Magnus Hagander wrote:

What is the recommended way to create mutex objects

(CreateMutex) from


Win32 libraries? There must be a clean way like there is

in pthreads.






A mutex is inherently a global object. CreateMutex(NULL,

FALSE, NULL)

will return a handle to an unowned mutex.





That's not the problem. Under pthread, it's possible to initialize a mutex from compile time:

   static pthread_mutex_t init_mutex = PTHREAD_MUTEX_INITIALIZER;

This means that the mutex is immediately valid, no races with the initialization. I couldn't find an equivalent Win32 feature.



AFAIK, there is no such thing on Win32. The clean way is probably to rqeuire the library to export a function InitialyzeFooLibrary() that does it (like Winsock does with requiring WSAStartup()).

To do something like it though, you can use a named mutex.
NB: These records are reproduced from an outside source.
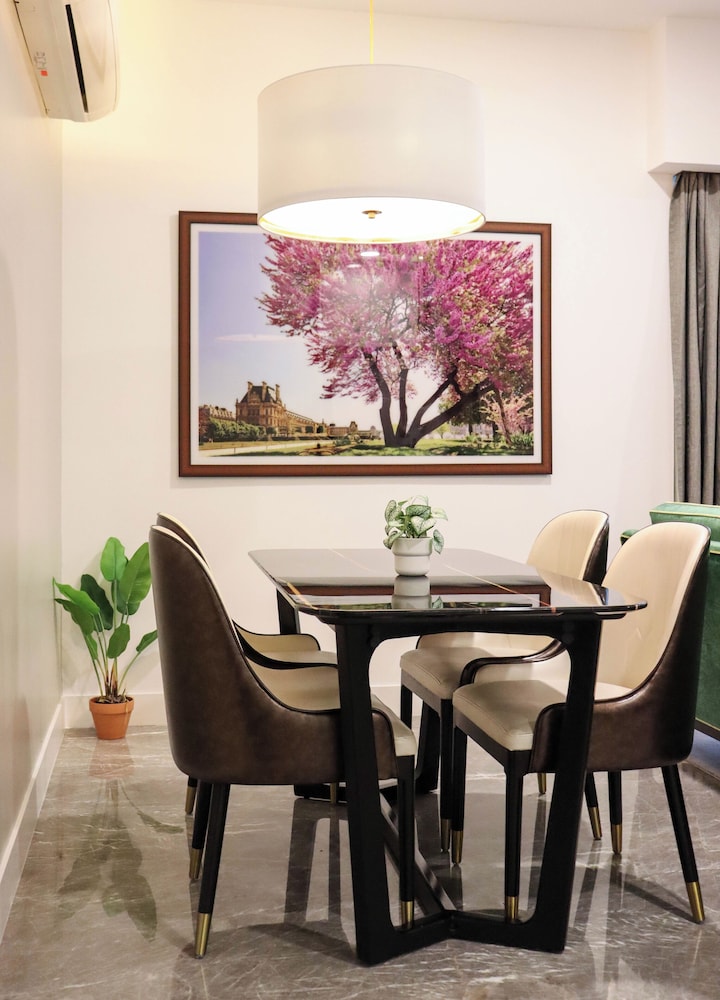 In-room dining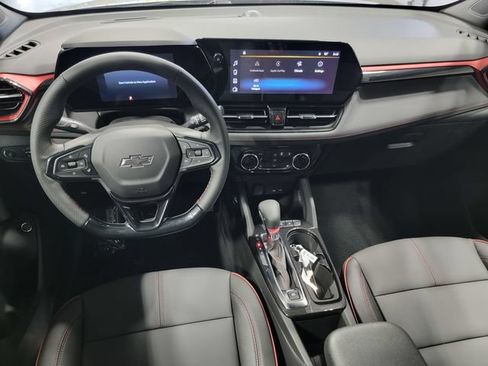 New 2026 Chevrolet TrailBlazer RS FWD image 27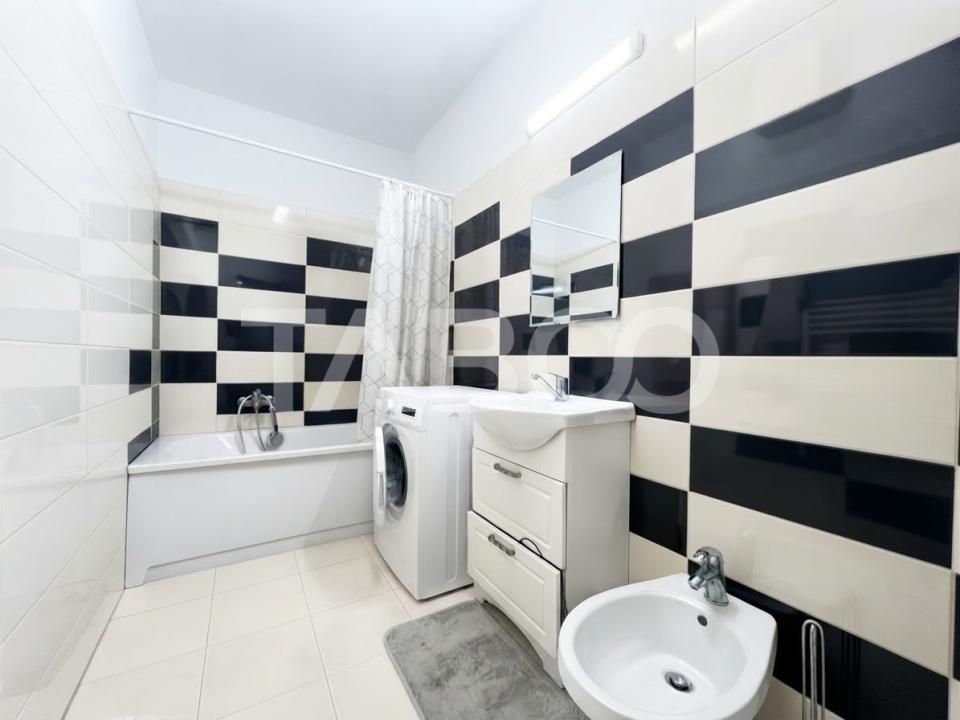 Apartament cu 2 camere in Floresti bloc nou izolat cu balcon la cheie – fotografia 5 din 7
Then doing,
in pseudocode:

if (CreateMutex(...,"my_unique_mutex_name") == ERROR_ALREADY_EXISTS)
  OpenMutex(...,"my_unique_mutex_name")

Assuming nobody closes the mutex between your attempt to create and open
(which shouldn't happen if you just ignore closing it until process
exit), this should be safe.

Store the HANDLE to the Mutex in TLS, and have each thread do the
create/open when it needs the mutex (e.g. wrap the wait on the mutex in
a function/macro that will create/open the mutex if it's
INVALID_HANDLE_VALUE, which you assign it to by default).


You need a unique name for the mutex, since it's not per-process but
per-sessino. But that can easily be constructed from the pid.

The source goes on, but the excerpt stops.